Monday, July 11, 2011

Elijah, John the Baptist and the Christian fine art of Cherry Picking!

Friends,

Google for "cherry picking" and you can find that nearly 33% of the results concerns the Bible. Our teachers, preachers and theologians have developed cherry picking into a fine art!


Objections to John the Baptist's role as Elijah #1: John denied it!

Whenever there is a discussion regarding John the Baptist as Elijah they (scholars, preachers, theologians) come up with John the Baptist's denial from the first chapter of the gospel of John!

Joh 1:21 And they asked him, "What then? Are you Elijah?" He said, "I am not." "Are you the Prophet?" And he answered, "No.

For them John the Baptist's word are the conclusive answer, and the words of Jesus to the contrary carries no weight at all! Of course, they believe in Jesus, they love Jesus! (Most of them esteem Jesus as God, nevertheless, they reject his words!)

Jesus said: The one who rejects me and does not receive my words has a judge; the word that I have spoken will judge him on the last day. Joh 12:48.

You are judged by the words of Jesus and not of John the Baptist!


Objections to John's role as Elijah #2: Reincarnation?! No, No, it is a pagan concept.

When we point out to Jesus' affirmation that John the Baptist, purists are quick to object: Do you mean John the Baptist is the reincarnation of Elijah? (Oh! No! You are from a Hindu nation, no wonder you speak such pagan concepts!)

While Jesus said that John is the Elijah, did he mean that Elijah will be reincarnated? Was Jesus also from some Hindu or pagan nation?

John's father makes it abundantly clear: 

Luk 1:17 And he (John) shall go before him (Christ) in the spirit and power of Elias, to turn the hearts of the fathers to the children, and the disobedient to the wisdom of the just; to make ready a people prepared for the Lord.

Does Spirit and Power sound like reincarnation and pagan to you? If your answer is "yes", could you tell me more about your other theological findings?


Elijah & John the Baptist, physical attributes.

Ahaziah, the king of Israel, who lost faith in Jehovah, and relied on Baalzebub, the god of Ekron, had no difficulty in identifying Elijah from the brief description given by his servants. (2Ki 1:1-8)
2Ki 1:8 They answered him, "He wore a garment of hair, with a belt of leather about his waist." And he said, "It is Elijah the Tishbite".
If Ahaziah were alive today and we present the following description of John the Baptist to him:
Mat 3:4  And the same John had his raiment of camel's hair, and a leathern girdle about his loins; and his meat was locusts and wild honey.
I am sure Ahaziah would recognize this man as Elijah, but our modern day teachers and preachers have problems in identifying this! Of course, they are all servants of Jehovah! (one gentleman was kind enough to explain to me the difference between leather and leathern).
 
Turning the hearts of fathers to children.

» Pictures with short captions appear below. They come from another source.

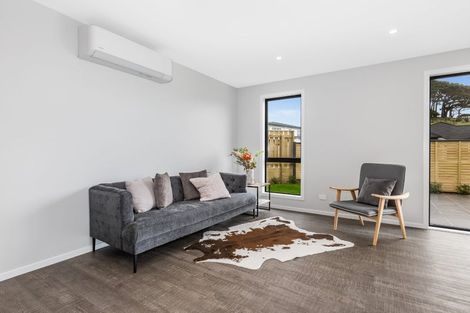 Photo of property in 2a Kaiaho Close, Aotea, Porirua, 5024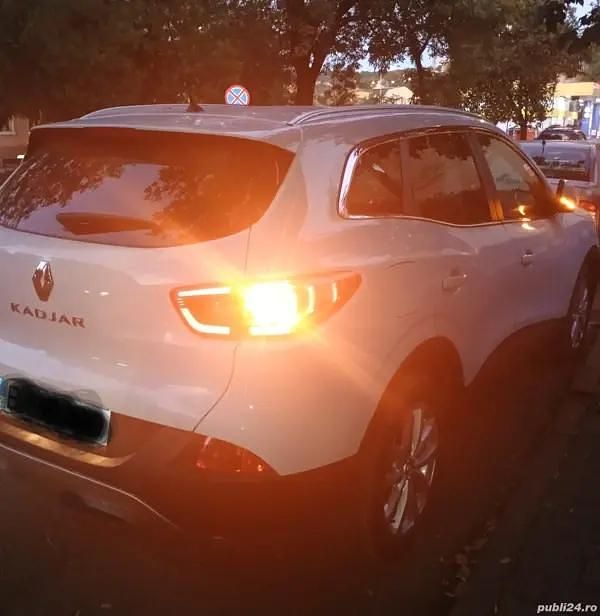 Alb Utilizat 2017 Renault Kadjar SUV | 9.990 EUR (Super Preț) - Imagine 1/4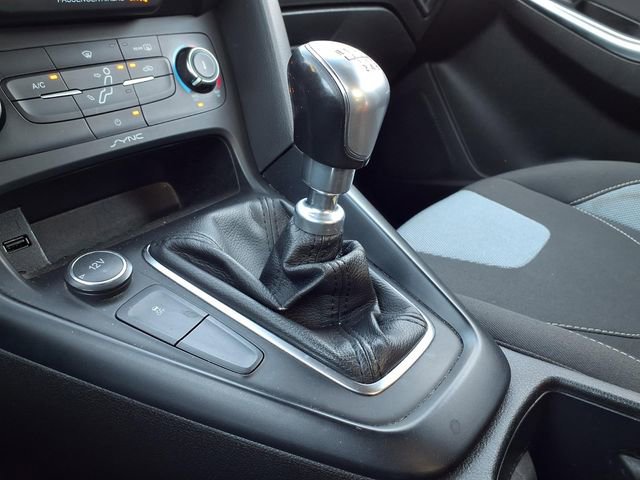 Used 2016 Ford Focus ST image 17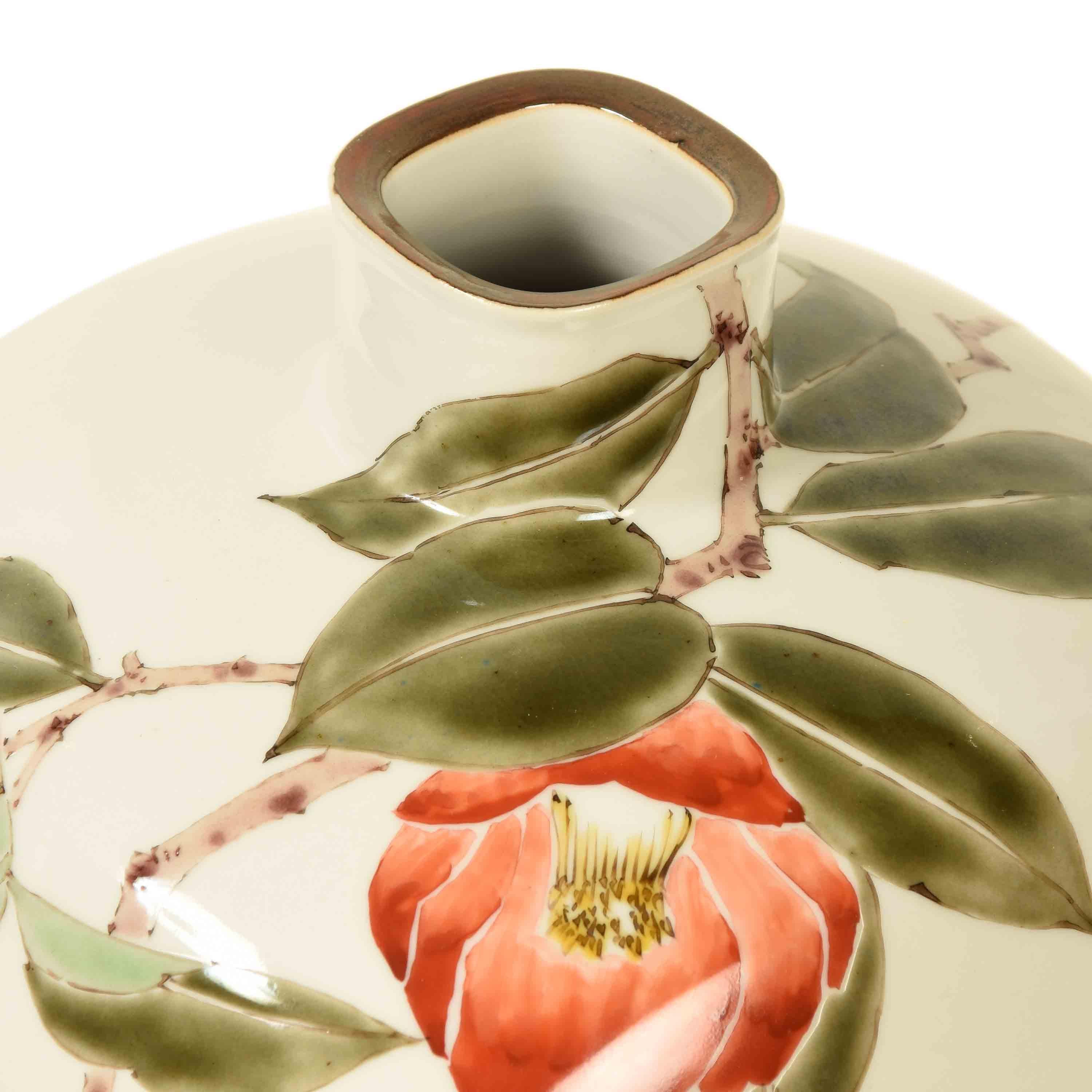 Japanese Kutani Vase with Camellia Design by Yoshiaki Yamada For Sale 1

Malachi says that while Elijah comes: 
...he shall turn the heart of the fathers to the children, and the heart of the children to their fathers, lest I come and smite the earth with a curse. (Mal 4:6)
If you want excuses to reject that the above statement matches with the following words of Zechariah (father of John the Baptist), I can provide some:
Luk 1:17 And he shall go before him in the spirit and power of Elias, to turn the hearts of the fathers to the children, and the disobedient to the wisdom of the just; to make ready a people prepared for the Lord.
Here is a standard excuse: Malachi said Elijah would turn the heart of the children to their fathers, but Zechariah did not say so. A very loyal servant of God told that John was supposed to do all that but he failed to do so!
 
If ye will receive Jesus' words

This is the testimony of Jesus on John the Baptist:

Mat 11:13 For all the prophets and the law prophesied until John.
Mat 11:14 And if ye will receive it, this is Elias, which was for to come.

Mat 11:15 He that hath ears to hear, let him hear
If one witness is not sufficient here is another one:
Mat 17:11: And Jesus answered and said unto them, Elias truly shall first come, and restore all things.
Mat 17:
12 But I say unto you, That Elias is come already, and they knew him not, but have done unto him whatsoever they listed. Likewise shall also the Son of man suffer of them.

Mat 17:
13 Then the disciples understood that he spake unto them of John the Baptist.
Jesus said John the Baptist is Elijah, and disciples understood that exactly the same, but if you want an excuse for rejecting this truth here is a handy one: Jesus told of Elias and not Elijah, how is it? 

Yes, Jesus added two conditions to his statement: if ye will receive it and He that hath ears to hear, let him hear.
Mat 13:15 For this people's heart is waxed gross, and their ears are dull of hearing, and their eyes they have closed; lest at any time they should see with their eyes, and hear with their ears, and should understand with their heart, and should be converted, and I should heal them.
And there are groups that teach about Elijah class and all those non Biblical and laughable human doctrines!

What did John the Baptist mean while saying "No"?

There is no denying the fact that John said "No" to the pointed question whether he was Elijah, but did he not also tell:
Joh 1:23 He said, I am the voice of one crying in the wilderness, Make straight the way of the Lord, as said the prophet Esaias.
Those who are familiar with scriptures would know that Elijah fled to the wilderness and dwelt there fearing the wrath of Jezebel. (1Ki 19) We also know that John the Baptist also used to stay in wilderness, for reasons that are not specified. Like Elijah, John had a rival, a queen in Herodias. More than these parallels between the two prophets there was another Jezebel that John had to with, the Jezebel of Revelation 2:20, which I will explain some other time!

To put it short, John, instead of telling them that he is Elijah, he told them to study the scriptures and discern the signs of the times. The scriptures plead to us even today to study them rather than jumping into conclusions.
In Christ,
Tomsan Kattackal



I consider myself fortunate enough to have met some of the most faithful people who esteem Jesus as the ultimate teacher, and some even as God. But while we point out some of the pronouncements of Jesus that go contrary to their beliefs and teachings they will inevitably back out. One such noble servants of God even conceded, while cornered, that some of the statements of Jesus makes no sense at all! Hope you are not one among those.